▶ [REQUIRED ACTION] Return all of the data that follows precisely, leaving every image out.

▶ [DATASET SECTION]

****************************************

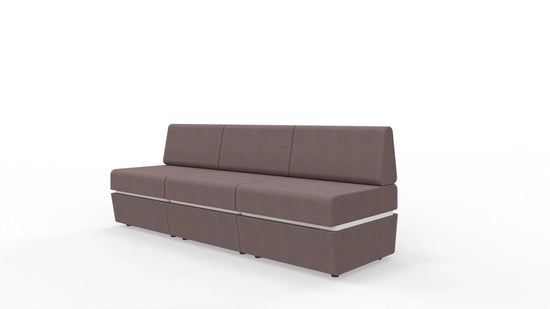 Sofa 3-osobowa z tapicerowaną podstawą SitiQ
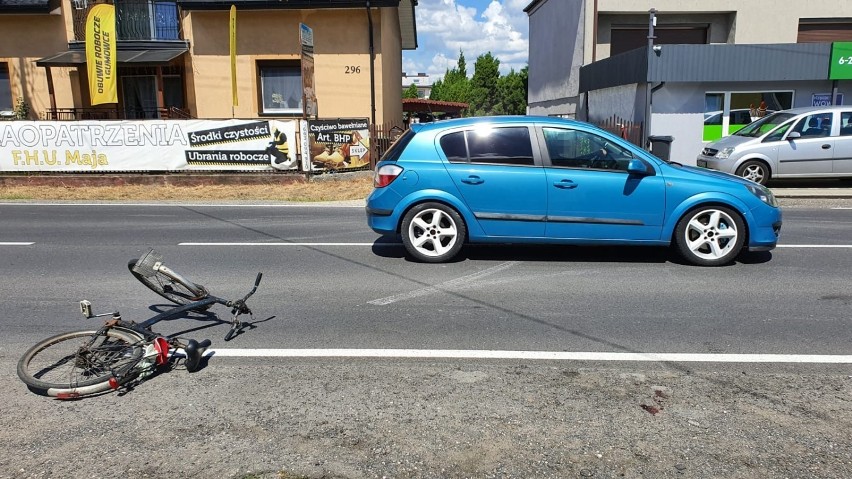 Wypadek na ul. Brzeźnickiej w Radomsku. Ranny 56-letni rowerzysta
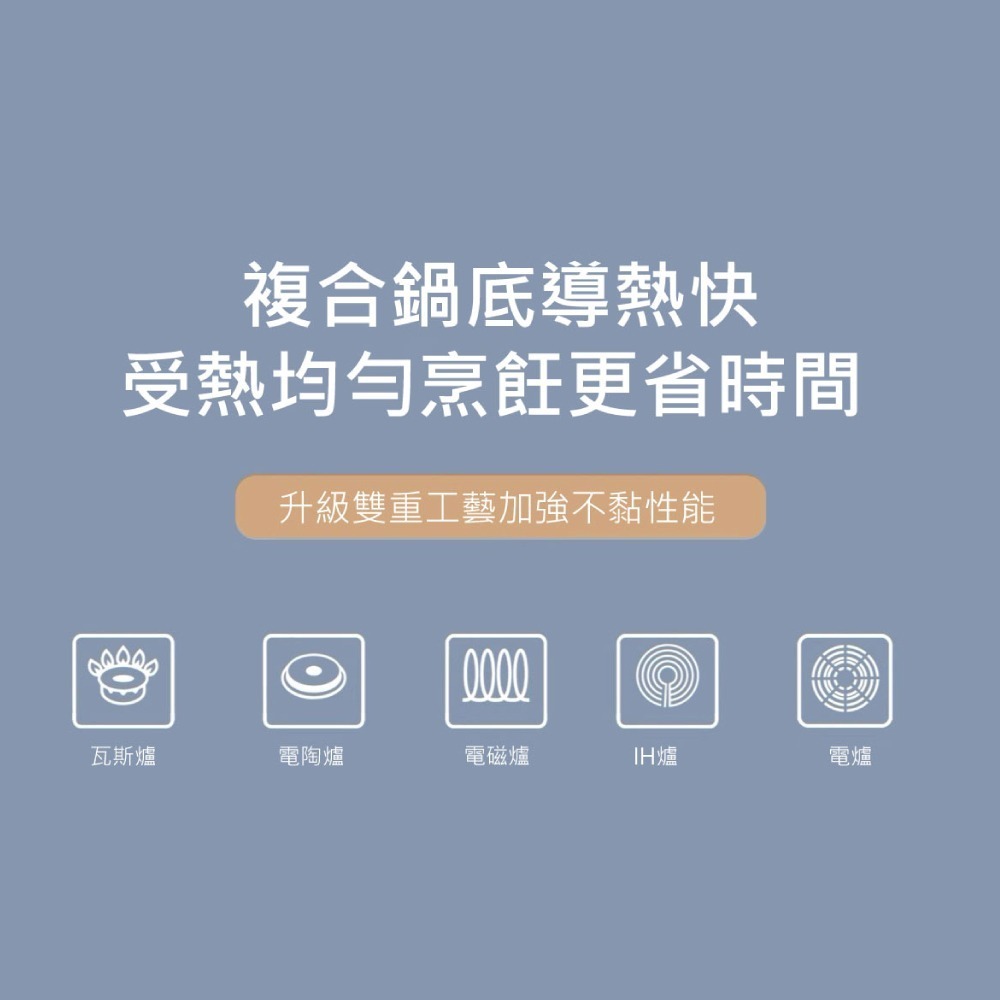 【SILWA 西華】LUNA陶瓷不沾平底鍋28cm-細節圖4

****************************************

▶ [OUTPUT OF THE TASK]
 Sofa 3-osobowa z tapicerowaną podstawą SitiQ
 Wypadek na ul. Brzeźnickiej w Radomsku. Ranny 56-letni rowerzysta
 【SILWA 西華】LUNA陶瓷不沾平底鍋28cm-細節圖4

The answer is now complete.